***** PROVIDED DATA *****

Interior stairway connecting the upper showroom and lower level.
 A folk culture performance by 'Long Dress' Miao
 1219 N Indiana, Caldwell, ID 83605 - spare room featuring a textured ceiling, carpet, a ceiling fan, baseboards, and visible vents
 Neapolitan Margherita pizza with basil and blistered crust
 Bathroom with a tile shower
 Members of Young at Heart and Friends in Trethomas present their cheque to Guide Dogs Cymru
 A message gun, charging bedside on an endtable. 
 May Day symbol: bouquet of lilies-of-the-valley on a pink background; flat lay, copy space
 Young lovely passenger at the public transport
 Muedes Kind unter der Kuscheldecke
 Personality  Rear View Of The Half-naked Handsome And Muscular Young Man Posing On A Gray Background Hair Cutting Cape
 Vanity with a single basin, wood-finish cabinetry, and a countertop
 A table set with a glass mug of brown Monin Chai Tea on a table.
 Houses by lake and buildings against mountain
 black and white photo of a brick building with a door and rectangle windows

*****

DIRECTIONS FOR THIS TASK
In the records, locate each line holding the string "with" and copy it.

RESPONSE FOR THIS EXERCISE
 Neapolitan Margherita pizza with basil and blistered crust
 Bathroom with a tile shower
 Vanity with a single basin, wood-finish cabinetry, and a countertop
 A table set with a glass mug of brown Monin Chai Tea on a table.
 black and white photo of a brick building with a door and rectangle windows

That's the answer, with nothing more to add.